> DIRECTIONS: Starting with the opening line of the entries below, transcribe each line exactly up to and including the one that has "Woman with a"; pictures are not copied.

> INPUT FOR THIS TASK:
++++++++++++++++++++
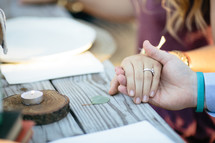 family holding hands in prayer at a dinner table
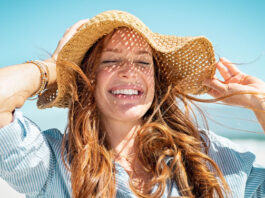 Frau mit Sonnenhut genießt den Sommer - Hautprobleme im Sommer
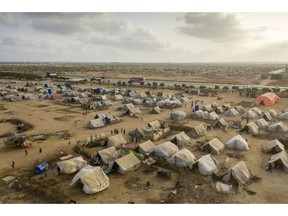 The refugee camp outside Karachi in May. "The already difficult living conditions of people affected by the 2022 flooding in Pakistan have been further exacerbated by the rain, making them even more vulnerable to future flooding," the UN noted in a recent report.  Photographer: Asim Hafeez/Bloomberg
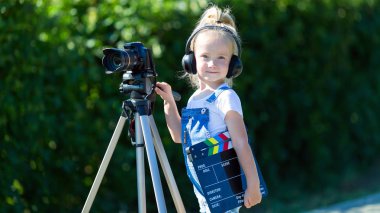 Bir tripod üzerinde bir kamera ile küçük bir kız kulaklık bir şehir parkı duruyor. Bir kamera ve bir tripod ile Çocuk acemi video blogger.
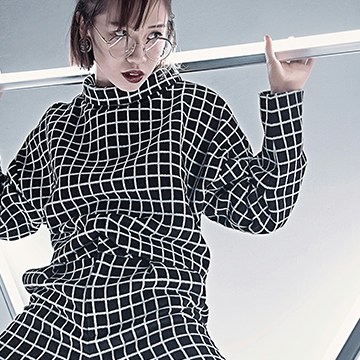Woman with a dark bob and glasses wearing a black-and-white checkered outfit under dramatic lighting, thumbnail for a tutorial on sharpening images in Photoshop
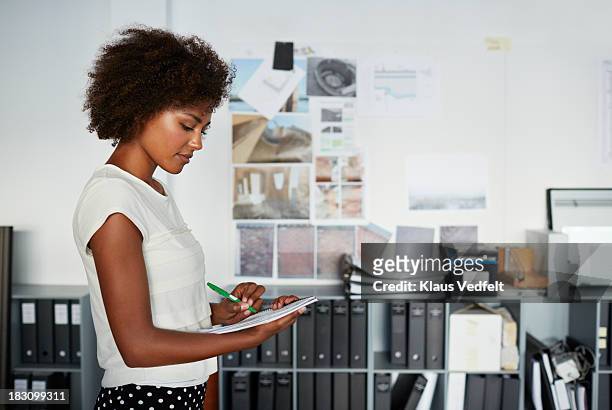 female creative taking notes on paper - file clerk stock pictures, royalty-free photos & images
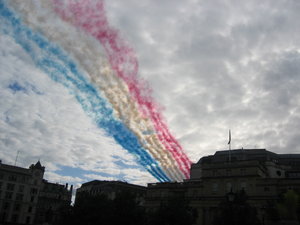 Smoke streams after the Red Arrows fly over Trafalgar Square towards Buckingham Palace
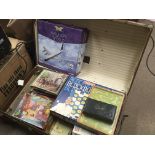 A trunk containing vintage games and puzzles (a lo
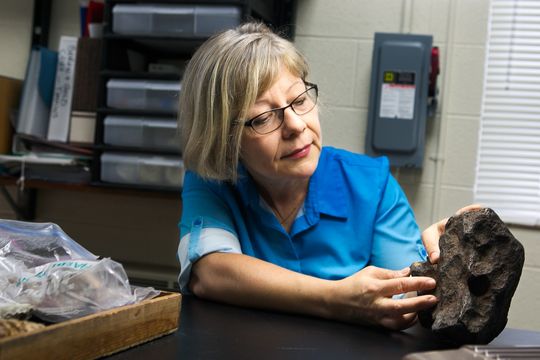 Central Michigan University Professor Mona Sirbescu shows off a meteorite. Mackenzie Brockman/Central Michigan University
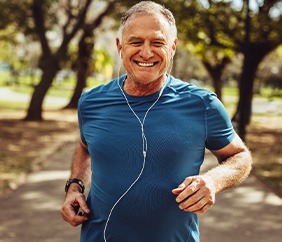 Senior man smiling while jogging outside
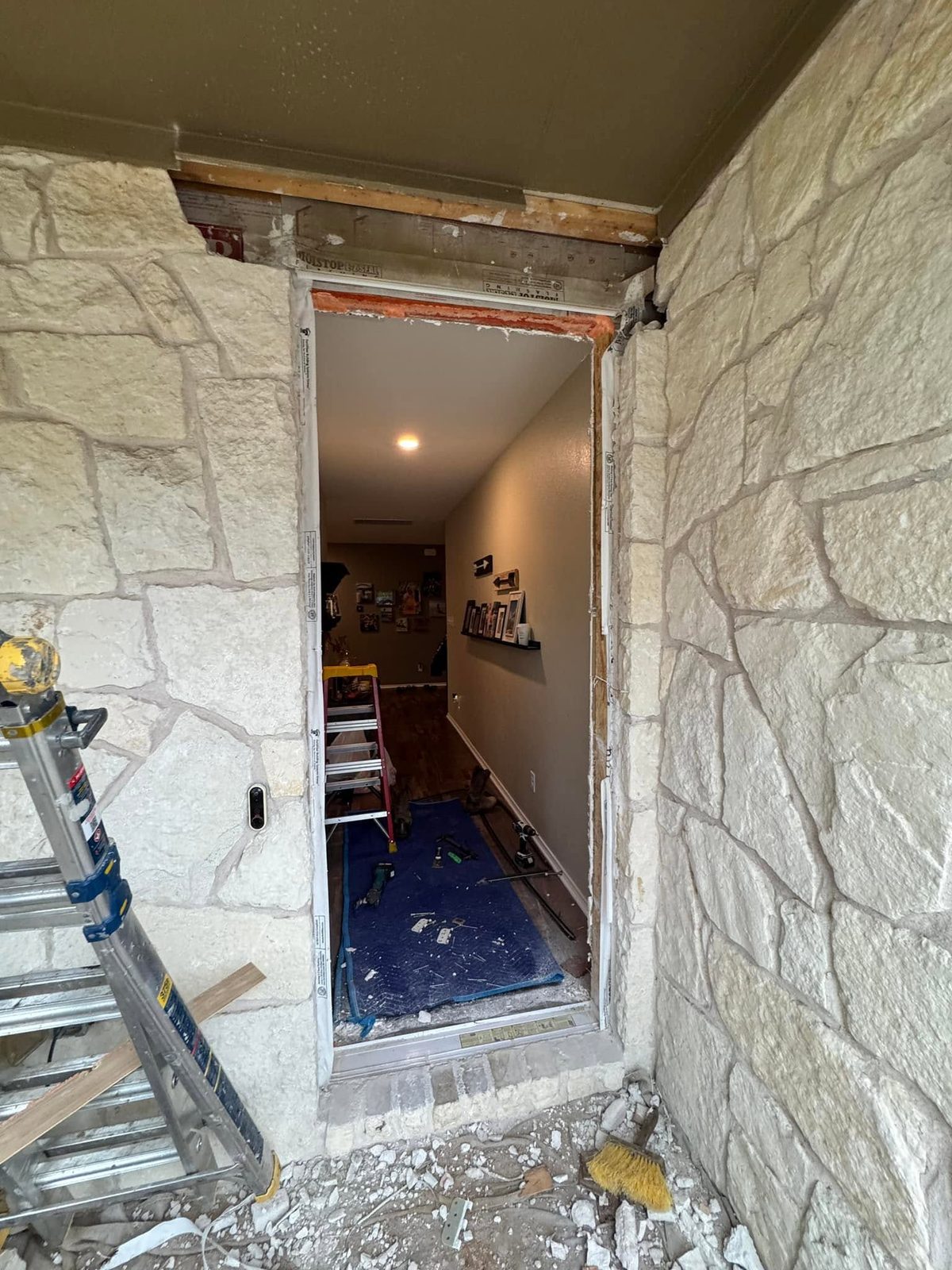 Front doorway torn open mid-renovation before the new door was installed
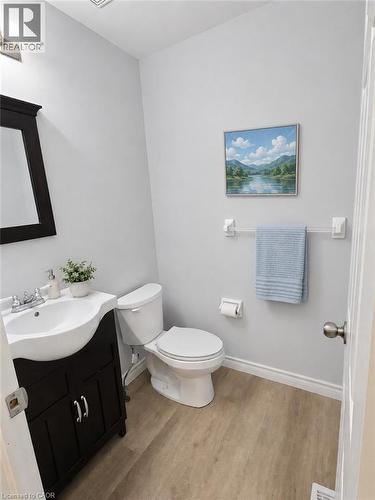 Powder room featuring a dark wood-finish vanity with an integrated white sink, chrome fixtures, and wood-finish flooring - 732 Angler Way, Waterloo, ON - Indoor Photo Showing Bathroom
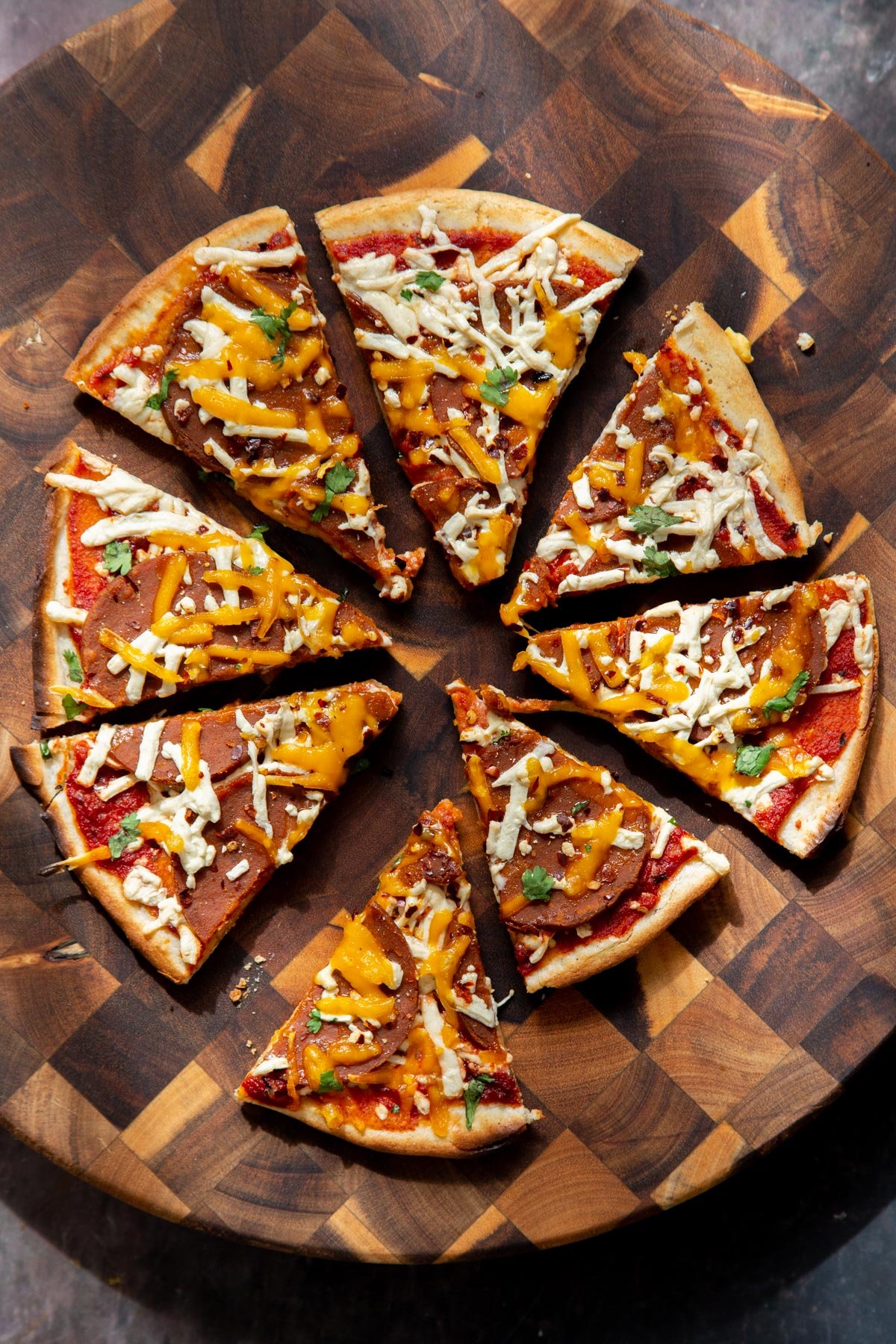 vegan pepperoni pizza on a wooden board, sliced.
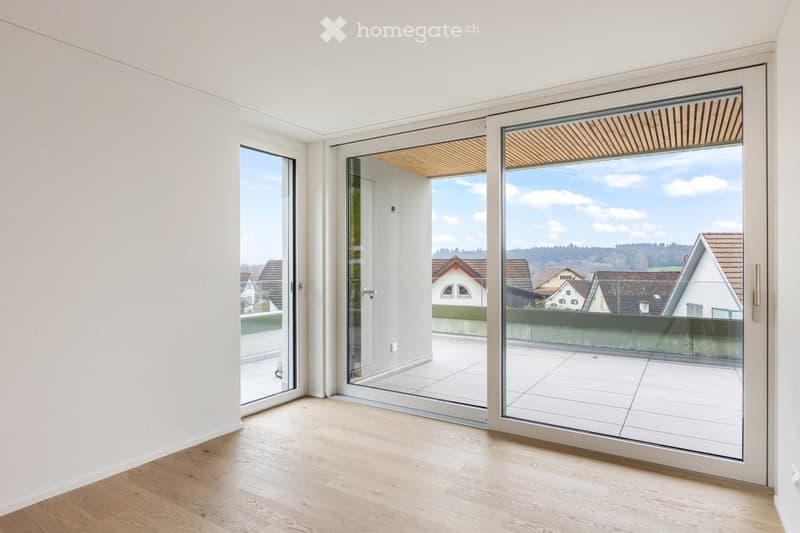 Bright, empty room with light wooden flooring and large sliding glass doors leading to a balcony with a view of the neighborhood.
++++++++++++++++++++
> EXERCISE SOLUTION:
 family holding hands in prayer at a dinner table
 Frau mit Sonnenhut genießt den Sommer - Hautprobleme im Sommer
 The refugee camp outside Karachi in May. "The already difficult living conditions of people affected by the 2022 flooding in Pakistan have been further exacerbated by the rain, making them even more vulnerable to future flooding," the UN noted in a recent report.  Photographer: Asim Hafeez/Bloomberg
 Bir tripod üzerinde bir kamera ile küçük bir kız kulaklık bir şehir parkı duruyor. Bir kamera ve bir tripod ile Çocuk acemi video blogger.
Woman with a dark bob and glasses wearing a black-and-white checkered outfit under dramatic lighting, thumbnail for a tutorial on sharpening images in Photoshop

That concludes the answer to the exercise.